● **What the exercise asks**:
Would you write out, word for word, each line of the records below from the top through the one holding "The Americans enter"?

● **Provided data**:
───

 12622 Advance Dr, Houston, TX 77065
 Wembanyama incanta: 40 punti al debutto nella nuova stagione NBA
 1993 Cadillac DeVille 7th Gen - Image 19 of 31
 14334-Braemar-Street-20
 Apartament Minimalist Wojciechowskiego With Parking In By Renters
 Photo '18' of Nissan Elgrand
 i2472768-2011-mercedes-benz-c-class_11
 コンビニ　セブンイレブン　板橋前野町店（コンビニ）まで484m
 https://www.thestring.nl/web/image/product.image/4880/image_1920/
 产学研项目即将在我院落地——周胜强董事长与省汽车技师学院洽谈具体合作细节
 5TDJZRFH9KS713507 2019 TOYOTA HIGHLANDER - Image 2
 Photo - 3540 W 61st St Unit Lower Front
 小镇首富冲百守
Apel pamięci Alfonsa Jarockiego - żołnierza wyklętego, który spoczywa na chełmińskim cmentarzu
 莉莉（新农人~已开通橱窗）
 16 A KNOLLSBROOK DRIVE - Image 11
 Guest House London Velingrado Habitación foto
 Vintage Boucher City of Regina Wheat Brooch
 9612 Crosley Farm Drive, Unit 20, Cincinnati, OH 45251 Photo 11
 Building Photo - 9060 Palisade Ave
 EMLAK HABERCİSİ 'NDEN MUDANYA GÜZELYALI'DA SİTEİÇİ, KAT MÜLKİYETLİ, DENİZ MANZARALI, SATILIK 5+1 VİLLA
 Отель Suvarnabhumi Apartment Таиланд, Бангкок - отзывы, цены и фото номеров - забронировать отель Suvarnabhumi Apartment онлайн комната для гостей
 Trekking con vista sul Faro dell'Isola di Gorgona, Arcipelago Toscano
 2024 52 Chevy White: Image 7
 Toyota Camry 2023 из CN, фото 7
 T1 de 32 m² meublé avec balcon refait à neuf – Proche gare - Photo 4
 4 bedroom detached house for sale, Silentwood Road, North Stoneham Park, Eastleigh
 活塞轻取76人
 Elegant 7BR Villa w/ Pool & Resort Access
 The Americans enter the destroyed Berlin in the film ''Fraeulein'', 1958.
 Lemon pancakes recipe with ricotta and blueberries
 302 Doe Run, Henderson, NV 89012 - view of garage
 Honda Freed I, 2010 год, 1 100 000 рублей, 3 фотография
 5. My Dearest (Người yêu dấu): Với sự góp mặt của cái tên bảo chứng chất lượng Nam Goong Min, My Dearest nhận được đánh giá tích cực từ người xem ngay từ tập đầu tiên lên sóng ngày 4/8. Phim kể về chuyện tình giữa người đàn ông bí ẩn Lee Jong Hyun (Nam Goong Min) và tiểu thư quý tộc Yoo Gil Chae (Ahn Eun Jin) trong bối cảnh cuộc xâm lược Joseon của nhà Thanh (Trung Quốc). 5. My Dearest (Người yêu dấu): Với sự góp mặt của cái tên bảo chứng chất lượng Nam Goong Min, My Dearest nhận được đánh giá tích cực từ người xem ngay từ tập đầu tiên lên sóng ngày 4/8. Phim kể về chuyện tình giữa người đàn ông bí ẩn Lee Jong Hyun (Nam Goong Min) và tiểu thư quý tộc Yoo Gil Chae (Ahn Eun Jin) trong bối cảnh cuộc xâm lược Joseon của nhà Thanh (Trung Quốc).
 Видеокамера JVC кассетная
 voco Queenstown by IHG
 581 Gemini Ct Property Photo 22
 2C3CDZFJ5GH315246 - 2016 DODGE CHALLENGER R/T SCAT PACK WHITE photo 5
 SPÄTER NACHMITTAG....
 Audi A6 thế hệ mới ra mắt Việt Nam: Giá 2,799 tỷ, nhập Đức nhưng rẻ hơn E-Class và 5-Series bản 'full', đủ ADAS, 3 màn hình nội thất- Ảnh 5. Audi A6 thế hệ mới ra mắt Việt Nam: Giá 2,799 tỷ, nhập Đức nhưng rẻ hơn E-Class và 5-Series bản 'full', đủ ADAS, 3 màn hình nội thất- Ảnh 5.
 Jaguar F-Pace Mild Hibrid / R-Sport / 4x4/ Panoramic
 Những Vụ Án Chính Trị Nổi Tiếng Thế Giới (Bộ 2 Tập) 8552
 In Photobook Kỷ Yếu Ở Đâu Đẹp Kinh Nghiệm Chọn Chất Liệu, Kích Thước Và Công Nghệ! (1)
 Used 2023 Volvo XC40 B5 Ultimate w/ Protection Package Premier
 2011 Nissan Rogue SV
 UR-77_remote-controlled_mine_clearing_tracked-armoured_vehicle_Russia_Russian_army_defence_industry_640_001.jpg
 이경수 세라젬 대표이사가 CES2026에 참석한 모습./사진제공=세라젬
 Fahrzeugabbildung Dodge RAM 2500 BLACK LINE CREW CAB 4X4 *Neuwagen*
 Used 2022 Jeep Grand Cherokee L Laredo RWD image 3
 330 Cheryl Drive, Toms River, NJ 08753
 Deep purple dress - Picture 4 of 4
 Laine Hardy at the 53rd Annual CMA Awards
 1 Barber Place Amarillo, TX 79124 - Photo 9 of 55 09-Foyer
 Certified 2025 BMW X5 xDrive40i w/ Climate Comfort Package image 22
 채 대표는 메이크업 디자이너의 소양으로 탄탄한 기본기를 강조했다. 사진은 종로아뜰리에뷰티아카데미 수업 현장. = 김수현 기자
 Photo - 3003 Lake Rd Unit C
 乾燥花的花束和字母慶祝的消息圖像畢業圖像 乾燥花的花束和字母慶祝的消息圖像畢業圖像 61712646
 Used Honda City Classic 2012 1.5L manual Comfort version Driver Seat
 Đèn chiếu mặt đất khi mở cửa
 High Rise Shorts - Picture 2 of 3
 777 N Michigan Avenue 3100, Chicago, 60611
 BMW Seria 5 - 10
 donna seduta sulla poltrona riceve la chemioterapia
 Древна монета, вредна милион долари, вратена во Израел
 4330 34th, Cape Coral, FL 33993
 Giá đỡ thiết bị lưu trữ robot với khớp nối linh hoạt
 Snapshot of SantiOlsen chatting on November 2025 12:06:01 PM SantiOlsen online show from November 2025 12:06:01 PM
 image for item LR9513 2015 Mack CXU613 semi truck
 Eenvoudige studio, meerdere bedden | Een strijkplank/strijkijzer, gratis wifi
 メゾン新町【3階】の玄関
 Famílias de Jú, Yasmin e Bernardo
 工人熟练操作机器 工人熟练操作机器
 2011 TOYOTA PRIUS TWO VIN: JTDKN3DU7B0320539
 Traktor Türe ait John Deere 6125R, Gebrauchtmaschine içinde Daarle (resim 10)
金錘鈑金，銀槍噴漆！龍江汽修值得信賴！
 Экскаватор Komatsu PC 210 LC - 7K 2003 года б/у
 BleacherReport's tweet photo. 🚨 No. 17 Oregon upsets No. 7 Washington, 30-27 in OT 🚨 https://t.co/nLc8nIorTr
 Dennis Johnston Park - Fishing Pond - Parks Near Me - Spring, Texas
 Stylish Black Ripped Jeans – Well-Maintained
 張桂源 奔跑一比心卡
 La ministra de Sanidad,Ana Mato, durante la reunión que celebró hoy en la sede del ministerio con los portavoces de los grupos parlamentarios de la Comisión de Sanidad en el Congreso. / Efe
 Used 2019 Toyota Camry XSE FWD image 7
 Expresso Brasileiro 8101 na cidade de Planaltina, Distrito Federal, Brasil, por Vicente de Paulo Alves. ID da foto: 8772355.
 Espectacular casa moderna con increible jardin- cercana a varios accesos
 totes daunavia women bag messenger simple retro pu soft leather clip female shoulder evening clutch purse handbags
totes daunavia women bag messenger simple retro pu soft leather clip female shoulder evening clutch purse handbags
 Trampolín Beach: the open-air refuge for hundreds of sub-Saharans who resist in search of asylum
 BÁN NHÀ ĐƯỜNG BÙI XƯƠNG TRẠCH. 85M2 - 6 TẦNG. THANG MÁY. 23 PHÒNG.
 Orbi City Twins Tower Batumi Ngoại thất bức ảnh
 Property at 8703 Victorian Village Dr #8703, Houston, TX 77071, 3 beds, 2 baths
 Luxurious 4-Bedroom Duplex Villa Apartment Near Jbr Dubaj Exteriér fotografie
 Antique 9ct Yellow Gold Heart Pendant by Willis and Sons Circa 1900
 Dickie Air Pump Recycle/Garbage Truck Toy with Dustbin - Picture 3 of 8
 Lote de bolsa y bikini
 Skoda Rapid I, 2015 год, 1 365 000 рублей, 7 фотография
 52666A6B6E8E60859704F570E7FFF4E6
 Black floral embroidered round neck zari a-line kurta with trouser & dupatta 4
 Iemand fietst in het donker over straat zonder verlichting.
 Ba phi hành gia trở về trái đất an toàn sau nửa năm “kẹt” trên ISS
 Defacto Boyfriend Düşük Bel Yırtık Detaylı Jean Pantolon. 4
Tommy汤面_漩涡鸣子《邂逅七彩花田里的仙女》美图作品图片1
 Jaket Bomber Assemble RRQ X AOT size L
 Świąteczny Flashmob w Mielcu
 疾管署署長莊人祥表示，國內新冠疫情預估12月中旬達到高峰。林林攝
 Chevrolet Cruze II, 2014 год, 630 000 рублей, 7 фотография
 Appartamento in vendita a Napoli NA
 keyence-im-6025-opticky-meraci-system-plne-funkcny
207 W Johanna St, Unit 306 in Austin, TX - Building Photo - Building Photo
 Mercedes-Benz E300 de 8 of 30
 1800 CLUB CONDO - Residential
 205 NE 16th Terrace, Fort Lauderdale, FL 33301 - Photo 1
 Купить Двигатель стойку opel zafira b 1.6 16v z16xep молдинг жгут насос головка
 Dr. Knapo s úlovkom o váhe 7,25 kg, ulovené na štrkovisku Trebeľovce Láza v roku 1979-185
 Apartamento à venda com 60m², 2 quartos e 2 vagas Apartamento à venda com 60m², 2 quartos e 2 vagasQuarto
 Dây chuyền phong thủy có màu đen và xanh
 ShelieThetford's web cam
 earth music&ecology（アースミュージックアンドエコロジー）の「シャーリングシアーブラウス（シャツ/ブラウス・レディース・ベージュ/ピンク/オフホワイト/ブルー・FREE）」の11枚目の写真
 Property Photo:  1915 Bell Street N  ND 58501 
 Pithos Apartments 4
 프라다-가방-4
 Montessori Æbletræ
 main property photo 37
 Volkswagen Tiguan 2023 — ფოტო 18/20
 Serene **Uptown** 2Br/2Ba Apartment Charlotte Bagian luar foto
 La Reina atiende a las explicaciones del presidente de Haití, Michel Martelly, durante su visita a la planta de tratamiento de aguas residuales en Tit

───

● **Expected output**:
 12622 Advance Dr, Houston, TX 77065
 Wembanyama incanta: 40 punti al debutto nella nuova stagione NBA
 1993 Cadillac DeVille 7th Gen - Image 19 of 31
 14334-Braemar-Street-20
 Apartament Minimalist Wojciechowskiego With Parking In By Renters
 Photo '18' of Nissan Elgrand
 i2472768-2011-mercedes-benz-c-class_11
 コンビニ　セブンイレブン　板橋前野町店（コンビニ）まで484m
 https://www.thestring.nl/web/image/product.image/4880/image_1920/
 产学研项目即将在我院落地——周胜强董事长与省汽车技师学院洽谈具体合作细节
 5TDJZRFH9KS713507 2019 TOYOTA HIGHLANDER - Image 2
 Photo - 3540 W 61st St Unit Lower Front
 小镇首富冲百守
Apel pamięci Alfonsa Jarockiego - żołnierza wyklętego, który spoczywa na chełmińskim cmentarzu
 莉莉（新农人~已开通橱窗）
 16 A KNOLLSBROOK DRIVE - Image 11
 Guest House London Velingrado Habitación foto
 Vintage Boucher City of Regina Wheat Brooch
 9612 Crosley Farm Drive, Unit 20, Cincinnati, OH 45251 Photo 11
 Building Photo - 9060 Palisade Ave
 EMLAK HABERCİSİ 'NDEN MUDANYA GÜZELYALI'DA SİTEİÇİ, KAT MÜLKİYETLİ, DENİZ MANZARALI, SATILIK 5+1 VİLLA
 Отель Suvarnabhumi Apartment Таиланд, Бангкок - отзывы, цены и фото номеров - забронировать отель Suvarnabhumi Apartment онлайн комната для гостей
 Trekking con vista sul Faro dell'Isola di Gorgona, Arcipelago Toscano
 2024 52 Chevy White: Image 7
 Toyota Camry 2023 из CN, фото 7
 T1 de 32 m² meublé avec balcon refait à neuf – Proche gare - Photo 4
 4 bedroom detached house for sale, Silentwood Road, North Stoneham Park, Eastleigh
 活塞轻取76人
 Elegant 7BR Villa w/ Pool & Resort Access
 The Americans enter the destroyed Berlin in the film ''Fraeulein'', 1958.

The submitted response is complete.